Malawi is one of the poorest countries in the world with 69,2% of the population living below the poverty line and 25% living in extreme poverty (World Bank 2017). Poverty hits children the hardest and threatens their most basic rights to survival, health, and nutrition, education, participation, and protection from harm and exploitation. These issues are worsened by the effects of climate change and environmental degradation in Malawi. The curriculum taught in schools does not address these challenges. In recent years, Malawi has suffered dramatically from climate extremes, such as devastating floods and long-term droughts.
The targeted schools and school communities are located in Southern Malawi, in Chikwawa and Thyolo districts. Both districts have recently been affected by floods, long periods of droughts, and deforestation. This project engages and benefits the children, parents, and teachers, as well as the local villages around the schools by providing practical training in skills for food production, water harvesting, and energy resilience. Direct beneficiaries are also local smallholder farmers who benefit from sustainable and diversified food production, as well as rainwater harvesting techniques. Other direct beneficiaries are the children and youth who are empowered by learning to adapt to climate change, whilst gaining strategies to create a greener and food secure environment at home and in their schools. Finally, the project hopes to inspire surrounding schools and the larger education system to implement the eco-village model.
APPROACH AND ACTIVITIES
The IKI Small Grants project seeks to address the climate-emergency situation in Malawi straightforwardly and practically. The non-governmental organization SCOPE Malawi with support from the non-governmental organization ReSCOPE and the Global Ecovillage Network (GEN), envisions to bring concrete support to selected communities in the most affected areas of Malawi. It aims to spread the Eco-Schools for Eco-Communities approach by teaching climate resilience skills.

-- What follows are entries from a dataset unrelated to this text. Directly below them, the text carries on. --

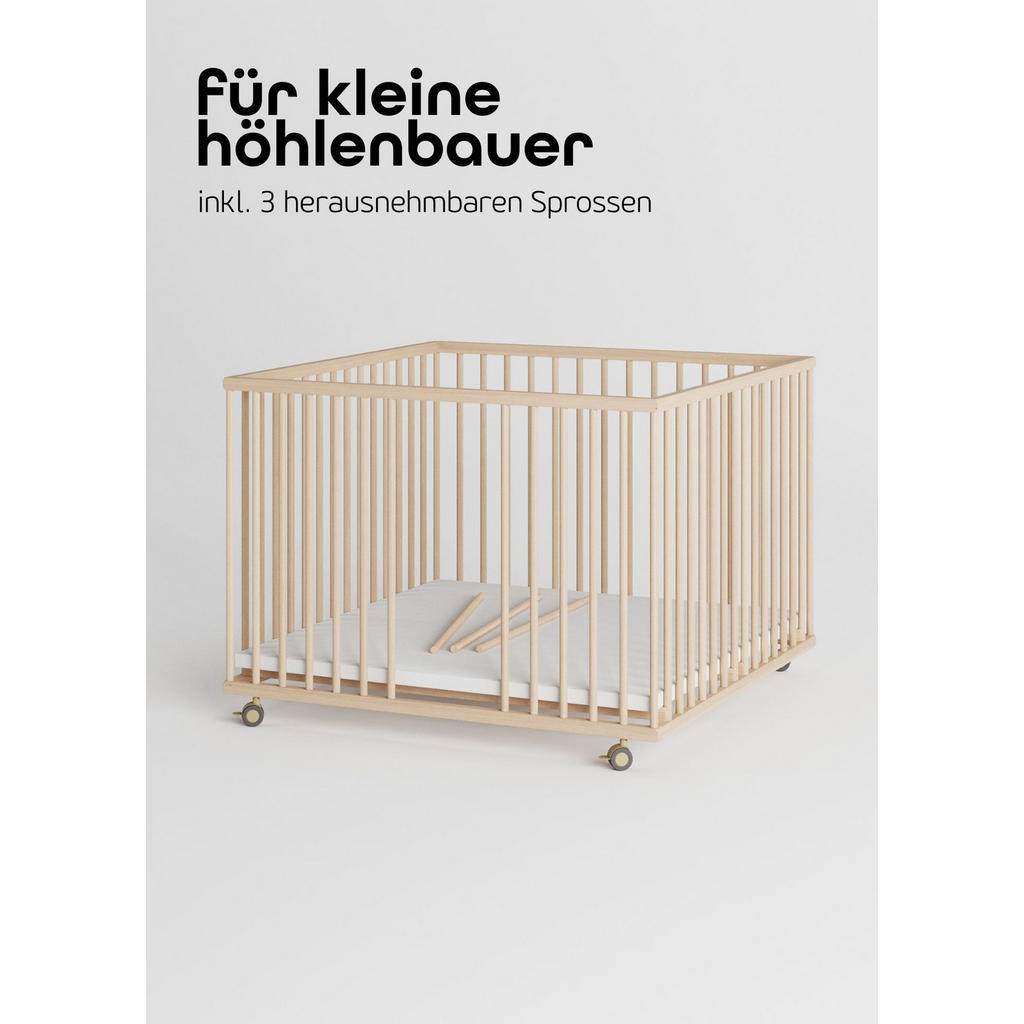 Thumbnail - Sämann – make a difference. Laufgitter, Natur, Holz, Echtholz,Buche, 100x74x100 cm, Babymöbel, Laufstall Baby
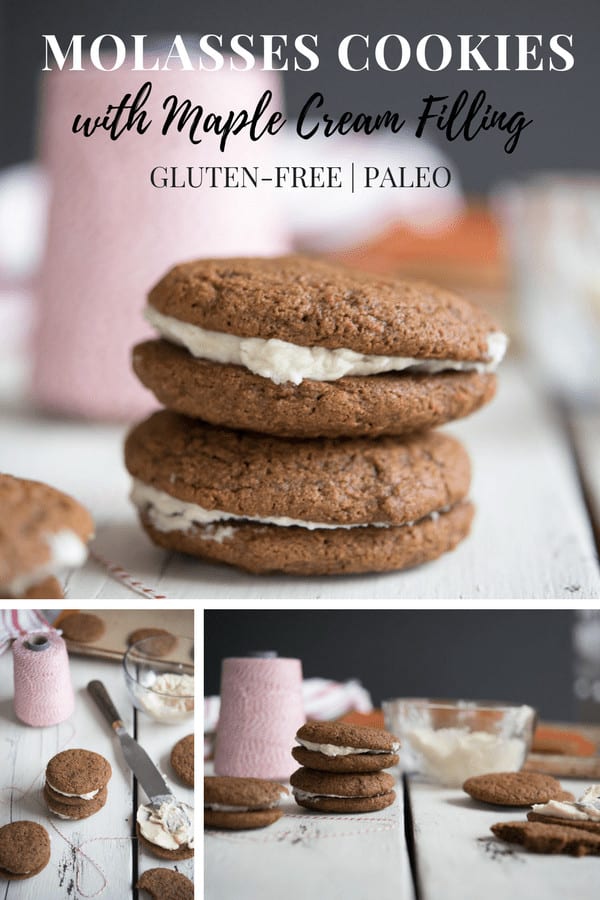 Paleo Molasses Cookies with Maple Cream Filling - a gluten-free and dairy-free cookie recipe that is the perfect snack or dessert for Christmas and the holidays! #paleorecipes #glutenfreerecipes #paleochristmas #paleochristmascookies #paleocookies #paleocookierecipes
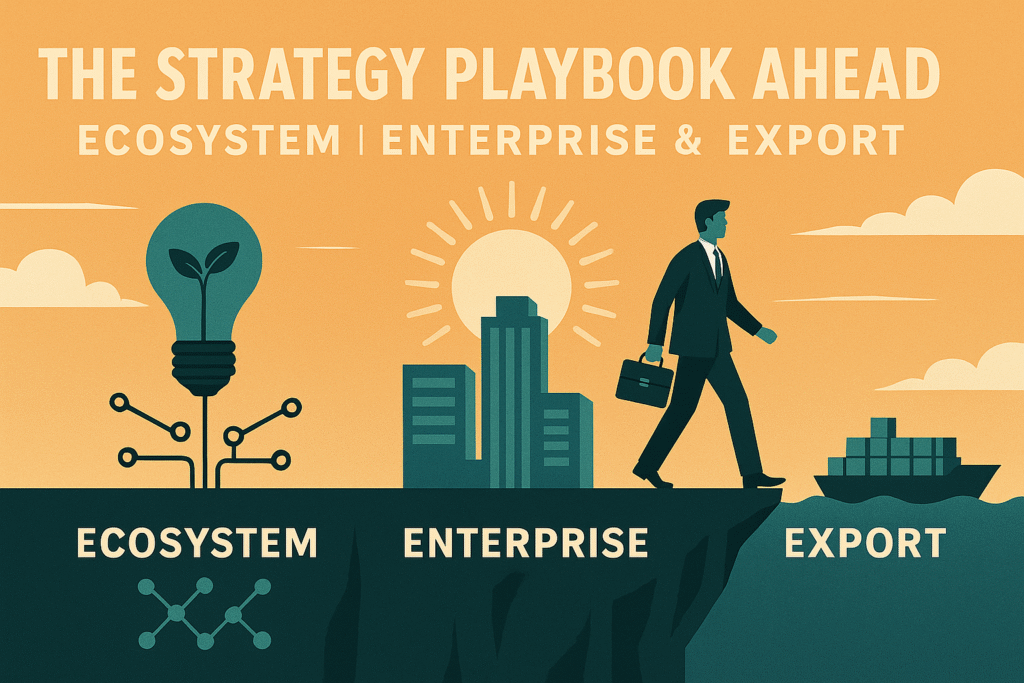 Illustration of a strategic business journey from ecosystem to enterprise to export, with symbolic visuals of a plant bulb, buildings, and a cargo ship under the headline "The Strategy Playbook Ahead.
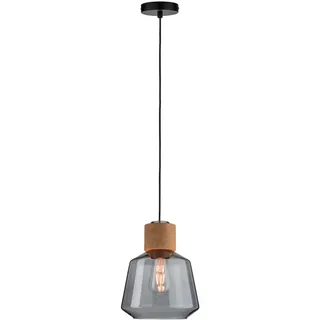 Paulmann Elia 1-flg. 21 cm rund schwarz/rauchglas/kork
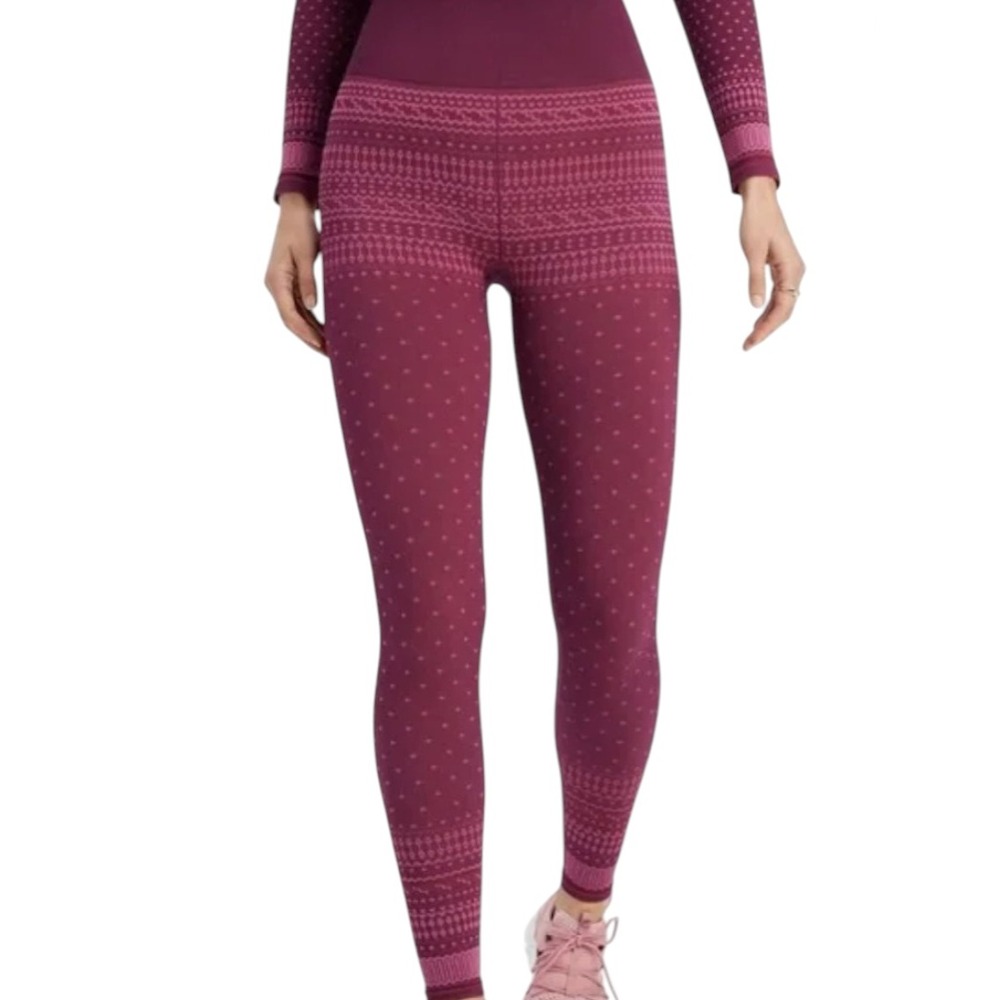 Fabletics Seamless High Rise Fair Isle Leggings Burgundy Pink Geometric Small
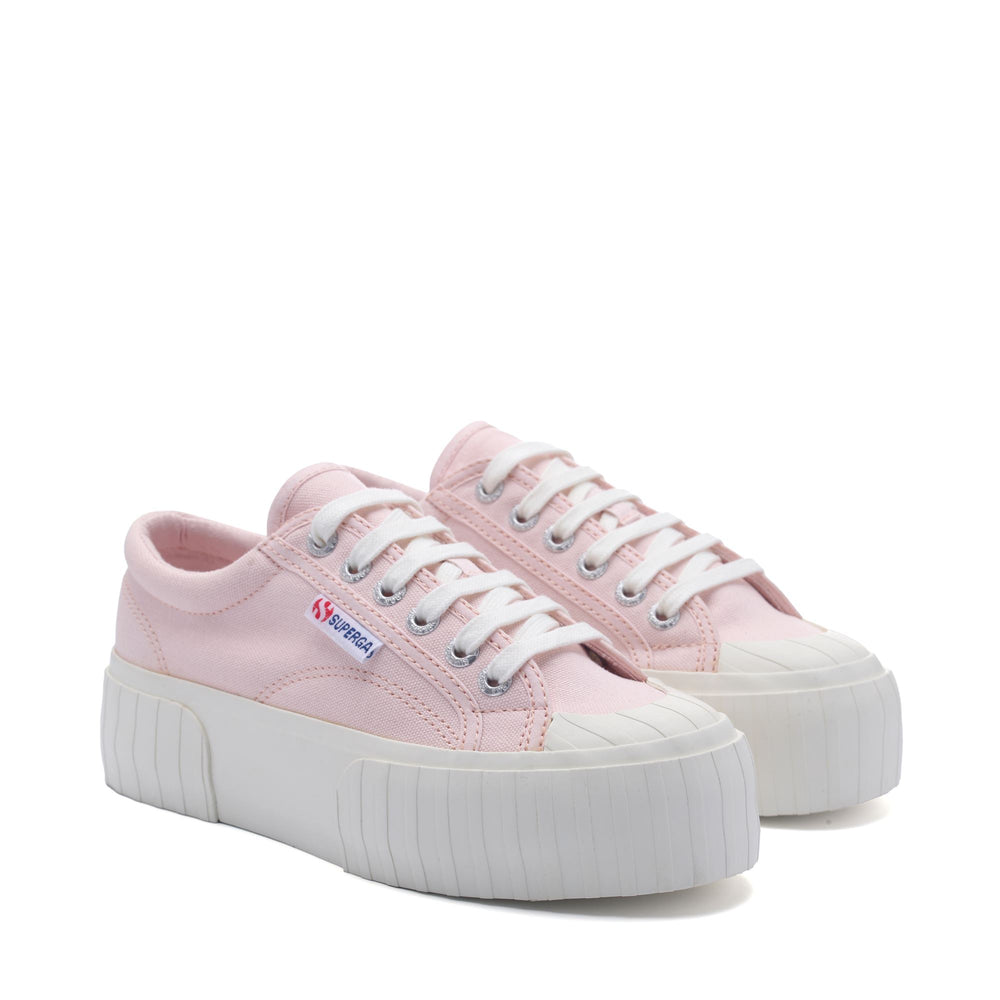 Rosa Plateau-Sneakers für Damen mit Obermaterial aus Baumwolle 02
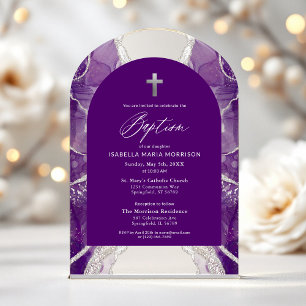 Purple Silver Agate Baptism Modern Elegant Acrylic Invitations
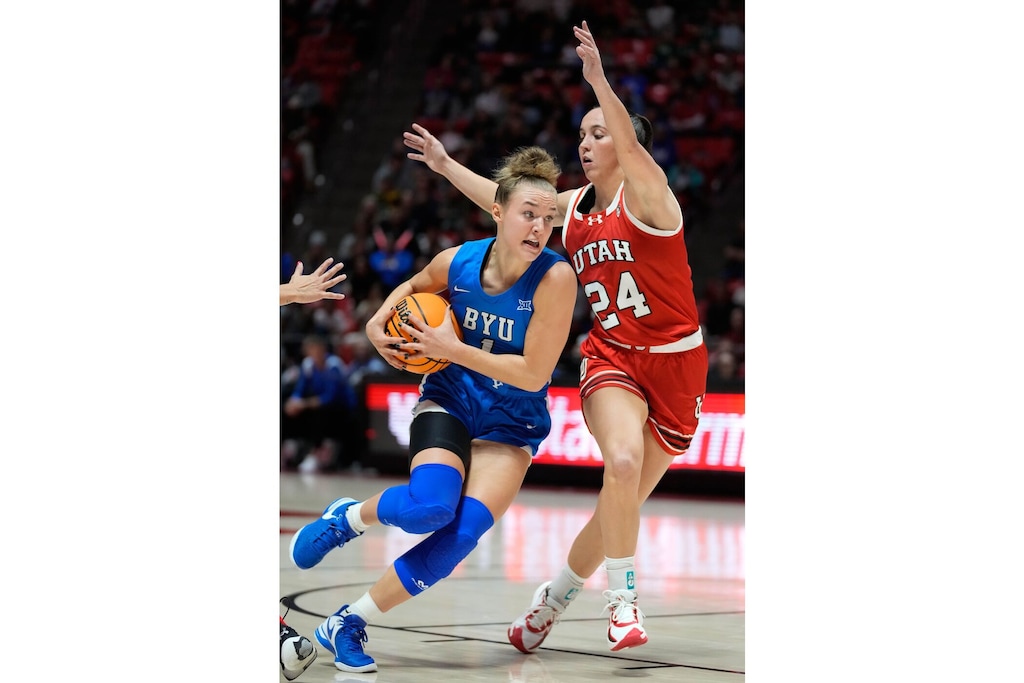 (Francisco Kjolseth | The Salt Lake Tribune) BYU freshman Amari Whiting competes against the University of Utah. Whiting has become the main starting point guard after Nani Falatea abruptly left the program.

To do so, the project follows three stages of implementation:
- Five schools and surrounding communities receive training workshops in agroecological farming, water conservation methods, and the construction and use of fuel-efficient rocket stoves. They receive support to transform into so-called Eco-Schools. An Eco-school is a productive and multi-purpose institution with a healthy environment. They are designed to meet the ecological, cultural, educational, nutritional, and social needs of their pupils, teachers, and their families. Schools are assisted to provide renewable energy, effectively manage water, and improve food security by growing climate-resilient crops using agroecology. The schools should act as inspiration hubs for the surrounding villages, allowing the upscaling of the measures implemented in the schools.
- Following this, an online teacher training module on Eco-Schools is developed and distributed to train teachers in multiple schools on the Eco-School model.
- The communities surrounding the five targeted schools are engaged throughout the project cycle. 50 households receive an ecovillage design training, to encourage a transition to the ecovillage model. The impacts on specific ecological, social, and economic criteria in the targeted communities are evaluated with the Ecovillage Impact Assessment tool developed by the Global Ecovillage Network (GEN). It evaluates how sustainable and effective the implemented ecovillage and ecological design tools are.
IKI Small Grants supports SCOPE Malawi in their organisational capacity development through:
- Training in child protection for all SCOPE Malawi staff members and partners who work with children
- Training in inclusive education, safeguarding, and diversity
- The development of a policy on safeguarding the rights of children
ABOUT THE ORGANISATION
The non-governmental organization SCOPE Malawi was established in 2015 to build the capacity of local organizations to facilitate sustainable land use in communities through schools. They facilitate the sharing of experiences with partners who are working with school and college communities to build resilient and productive environments. SCOPE Malawi helps interested partner organizations to use the Integrated Land Use Design (ILUD) process as a tool for school and college communities to develop multi-functional landscapes that help them to move towards food sovereignty, improved nutrition, and sustainable management of natural resources. The ILUD process uses permaculture practices.